I'm also interested in what the small three wire connector does as the USB to serial chip would be used if the handset was to be used as a pass through.  The fact you could have either an EQDIR cable connected to the PICs serial port, or use the USB port suggest that the TX and RX must be linked, and that three wire could be the TX/RX and GND from the onboard USB/TTL serial chip.   Anyway, its almost 1.30am so time I retired to bed !

 

My gut feeling is that whatever vaporised the Ferrite bead may have also blown the PICs Euart and I lack the skill, tools and eyesight to remove the 80 pin package, fit a replacement and then program it !

Edited January 25 by malc-c

[Trickysystems]

Malcolm,

Just a little more snooping between my two hand controllers. The added diode in one simply is a replacement for D4, so maybe just an upgraded component for extra current? The IC that is vaporised on your controller has AJ3 as the marking and appears to be a DFN8 package. Without checking the tracks, I am uncertain of the actual type of device or the function. Note that the other hand controller I have does not have that IC present. I'll try and figure out the differences between the two circuits. Perhaps it might be possible to bypass it completely?
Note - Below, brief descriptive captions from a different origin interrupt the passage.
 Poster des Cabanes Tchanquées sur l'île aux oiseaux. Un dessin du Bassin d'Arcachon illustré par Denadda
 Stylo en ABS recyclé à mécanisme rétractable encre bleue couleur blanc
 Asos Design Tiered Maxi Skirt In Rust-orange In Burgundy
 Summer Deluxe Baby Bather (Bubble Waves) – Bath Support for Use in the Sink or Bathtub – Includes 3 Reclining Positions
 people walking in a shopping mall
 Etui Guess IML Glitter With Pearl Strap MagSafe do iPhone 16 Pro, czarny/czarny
J8 on the controllers appears to be the ICSP for the PIC. I'll check further to confirm if that is the case.

If the controller does not prove repairable, then an alternative is to remove it and put in a wireless or BT adapter in place of it to control the motors.

Richard

[malc-c]

Thanks for the images, and ID of the part U6.  Like a lot of parts in Chinese electronics those that do have labels are often non traceable.  But even then if I could find out what it is I don't have the tools to replace it.  My logic was that regardless of which port is used the TTL signals end up at one of the two USARTS on the processor, so once a suitable place was found I was going to see if adding a couple of wires directly from the pins of the handset port to the pics serial port pins.  However looking at the datasheet for the PIC18F85J10 I can see that whilst the chip is a low voltage package, the digital pins are 5.0v TTL level tolerant

[MikeAa]

So excessive current flow caused the bead to fail, therefore  something else on the board is faulty?

[malc-c]

2 hours ago, MikeAa said:

So excessive current flow caused the bead to fail, therefore  something else on the board is faulty?
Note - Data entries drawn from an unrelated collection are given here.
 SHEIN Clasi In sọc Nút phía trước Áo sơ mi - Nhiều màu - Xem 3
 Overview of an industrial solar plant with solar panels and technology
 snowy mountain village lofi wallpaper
That's my guess too.  Something could fail, allowing a new path for the current to flow, which then has a domino effect allowing higher voltage to reach low voltage components.

[Trickysystems]

The two controllers are very similar, with some rearrangement of components. The blown IC  is replaced by a resistor on the other board. The only SMD device in the same package, with AJ3 marking, was 3AA02/34LC02. This is a Microchip 2K I²C Serial EEPROM. If this is what the device is, I'm not sure what it is doing. Pictures attached of each controller. R18 replaces the IC on the other controller, and some other resistors are added or omitted between the two controllers. Both controllers are version 5, yet slightly different. Both have the USB connector on the hand unit.

J8 pins connect to the correct pins on the PIC to enable ICSP.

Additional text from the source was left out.